- Information shown:
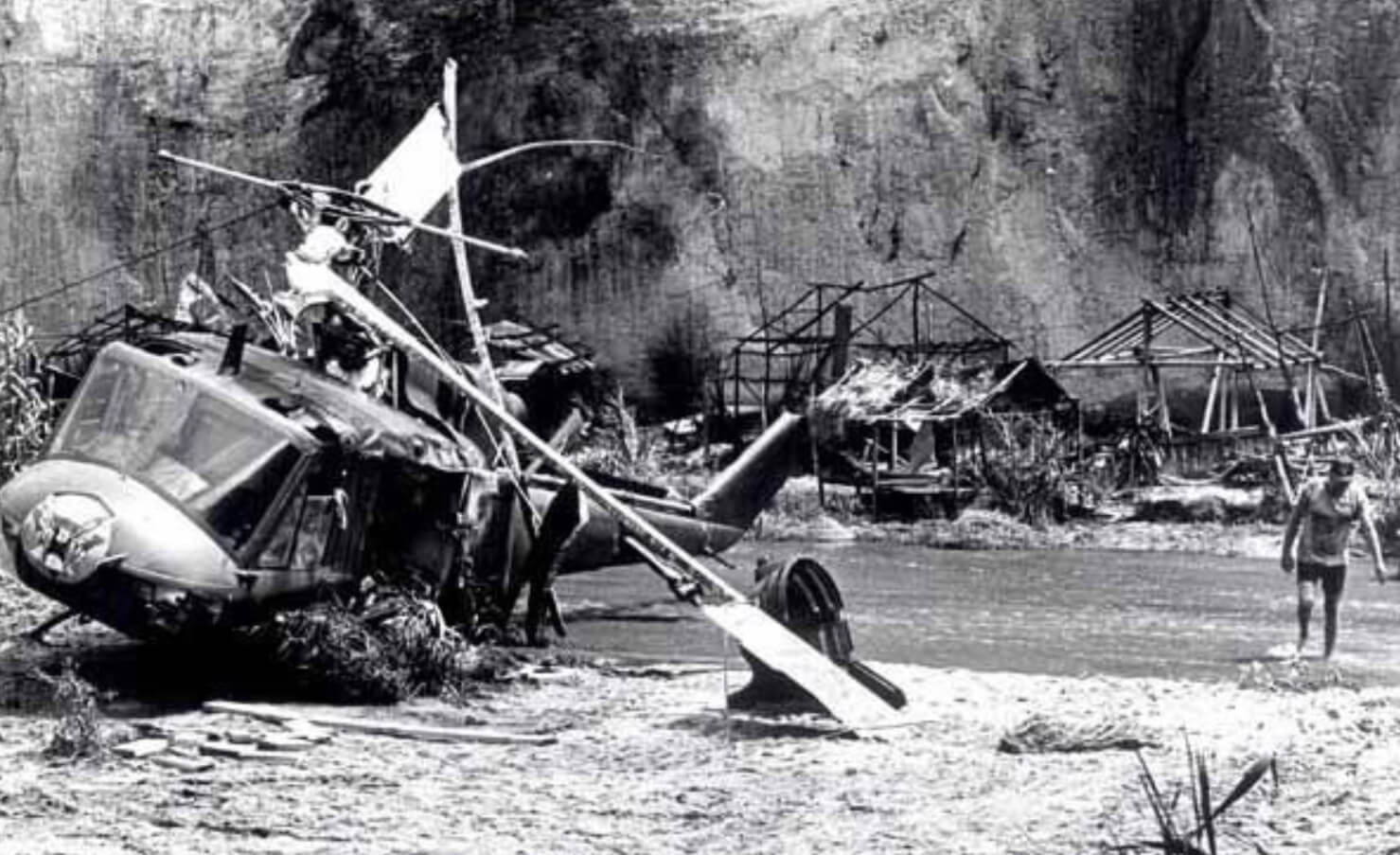 Крушение вертолета на съемках «Сумеречной зоны». Обломки вертолета на съемочной площадке фильма. Источник фотографии: wikipedia.org. Фото.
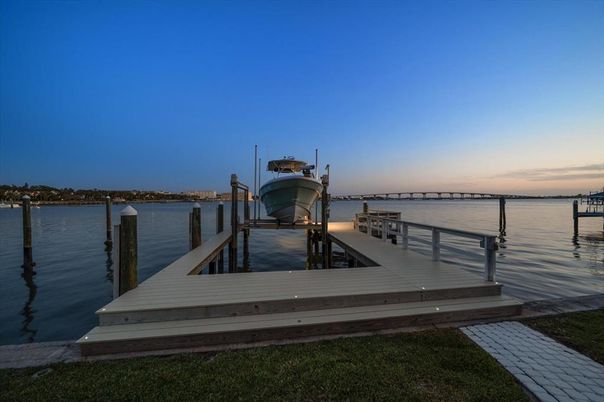 Exterior, Lake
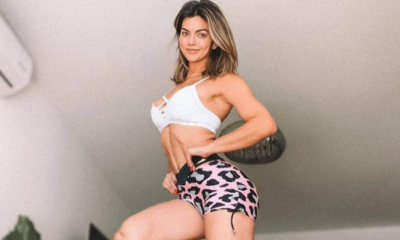 Kelly Key posa com roupas de academia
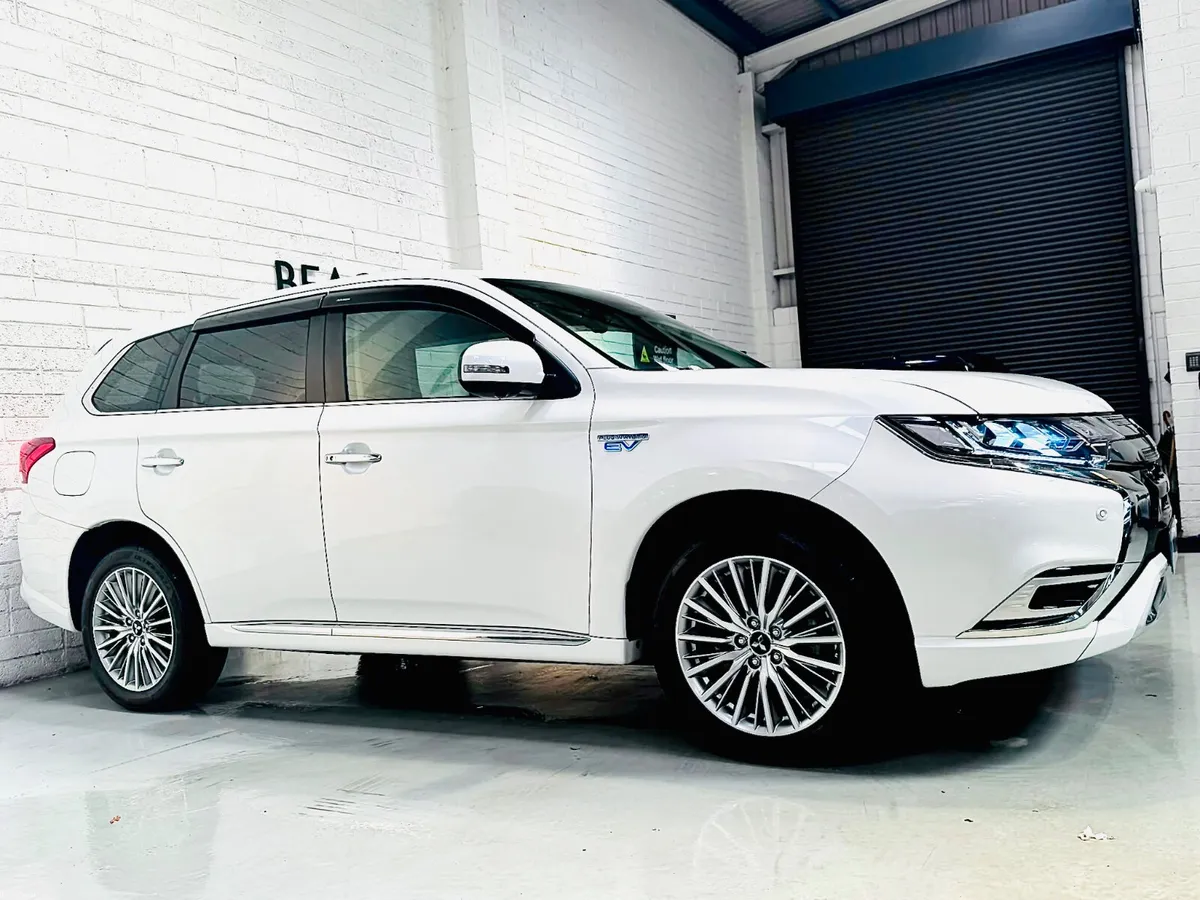 2020*49,000 MILES*2.4 AUTO HYBRID PLUG-IN*4X4*MITS - Image 5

- Aim of the task:
Nothing but the text is wanted: repeat the data above exactly, without its images.

- Solution:
 Крушение вертолета на съемках «Сумеречной зоны». Обломки вертолета на съемочной площадке фильма. Источник фотографии: wikipedia.org. Фото.
 Exterior, Lake
 Kelly Key posa com roupas de academia
 2020*49,000 MILES*2.4 AUTO HYBRID PLUG-IN*4X4*MITS - Image 5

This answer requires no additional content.